_EXERCISE:_
All lines below between the line with "Jimmy Choo Sandalias" and the line with "Make-up-Tasche mit Flagge", including both, must be copied exactly, and the pictures must be omitted.

_INPUT MATERIAL:_
◇ ◇ ◇
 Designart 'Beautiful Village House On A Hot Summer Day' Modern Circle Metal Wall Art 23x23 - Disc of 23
◇ ◇ ◇
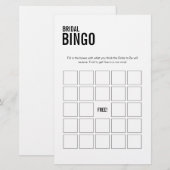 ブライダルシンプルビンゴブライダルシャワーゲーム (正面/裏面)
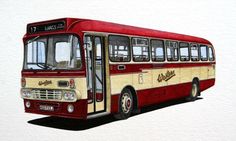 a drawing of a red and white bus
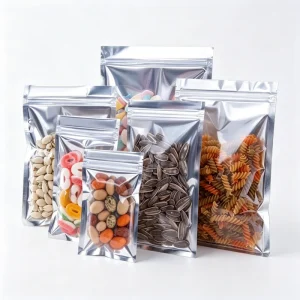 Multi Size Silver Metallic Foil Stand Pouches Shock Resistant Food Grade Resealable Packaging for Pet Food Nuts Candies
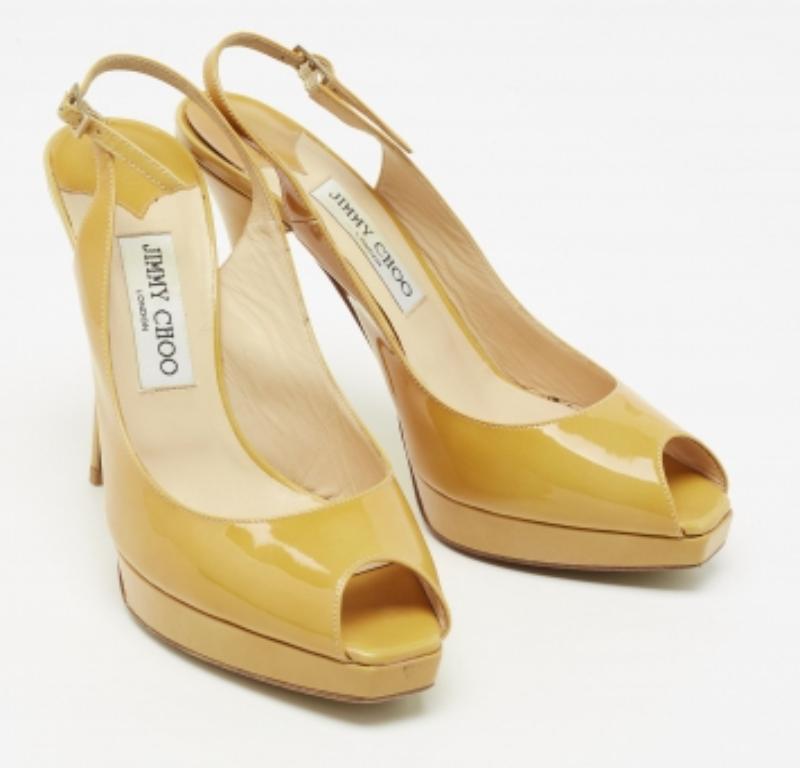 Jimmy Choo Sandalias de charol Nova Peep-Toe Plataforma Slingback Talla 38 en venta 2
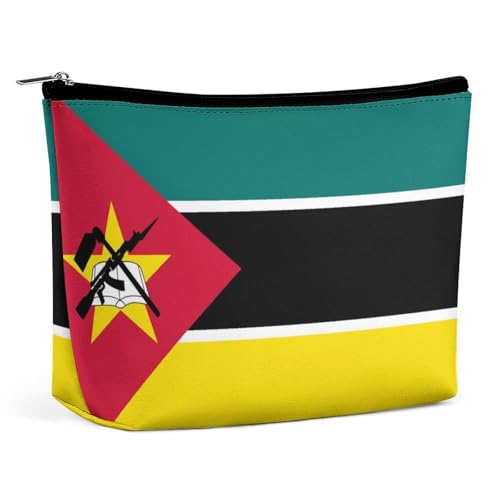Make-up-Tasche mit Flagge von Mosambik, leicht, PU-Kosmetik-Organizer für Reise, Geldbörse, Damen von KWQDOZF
◇ ◇ ◇
_ANSWER TO THE EXERCISE:_
 Jimmy Choo Sandalias de charol Nova Peep-Toe Plataforma Slingback Talla 38 en venta 2
Make-up-Tasche mit Flagge von Mosambik, leicht, PU-Kosmetik-Organizer für Reise, Geldbörse, Damen von KWQDOZF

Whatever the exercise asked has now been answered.